BHP pays $529m to settle tax dispute

Monday, 19 November, 2018 - 15:54

BHP Billiton has reached a settlement with the Australian Taxation Office relating to a long-running dispute over the miner’s part-owned marketing hub in Singapore.

As part of the settlement, BHP will pay $529 million in additional taxes for the income years 2003 to 2018.

In addition, from July 2019, BHP Group Ltd will increase its ownership of BHP Billiton Marketing AG, which is the main company conducting its Singapore marketing business, from 58 per cent to 100 per cent.

This will result in all profits made in Singapore in relation to the Australian assets owned by BHP Group Ltd being fully subject to Australian tax.  

ATO deputy commissioner Jeremy Hirschhorn said the settlement was an important development in the ATO’s marketing hub strategy.

“While confidentiality provisions prevent us from commenting on specific details of the settlement, we are confident that a fair and reasonable outcome has been achieved for the Australian community,” he said.

“However, the more important announcement is that going forward, BHP is coming within the ATO’s ‘green zone’ for marketing hubs, and all the profits from their sale of Australian-owned commodities will be taxed in Australia.
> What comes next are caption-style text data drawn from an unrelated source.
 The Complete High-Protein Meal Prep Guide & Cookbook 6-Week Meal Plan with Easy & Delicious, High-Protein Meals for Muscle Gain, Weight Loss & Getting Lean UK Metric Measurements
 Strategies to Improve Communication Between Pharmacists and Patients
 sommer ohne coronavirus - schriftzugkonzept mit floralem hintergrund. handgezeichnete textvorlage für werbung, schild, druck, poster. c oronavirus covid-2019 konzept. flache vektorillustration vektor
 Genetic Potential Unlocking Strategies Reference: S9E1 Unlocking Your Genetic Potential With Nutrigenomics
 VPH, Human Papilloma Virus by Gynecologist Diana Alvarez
“This is a landmark and precedential development in the execution of our marketing hubs strategy and sends a strong signal to other industry participants.

“Given the importance of mining and natural resources to the Australian economy, it is critical that exporters of Australian commodities, whether iron ore, coal, gas or other commodities, pay the correct tax in Australia on their profits.”

BHP said the settlement fully resolved the longstanding dispute, with no admission of tax avoidance, and provides certainty in relation to the future taxation treatment.

“This is an important agreement and we are pleased to resolve this longstanding matter,” chief financial officer Peter Beaven stated.

“The $529 million payable under the settlement is in addition to the more than $75 billion in Australian taxes and royalties that has already been paid by BHP over that same period.

“The settlement provides clarity for BHP and the ATO in relation to how taxes will be assessed and paid on the sale of Australian commodities. That certainty is good for business and for Australia.”

BHP said its marketing operations would continue to be located in Singapore as this contributed to the group’s ability to compete in the global marketplace and provided access to a highly skilled global trading centre in close proximity to its customer base.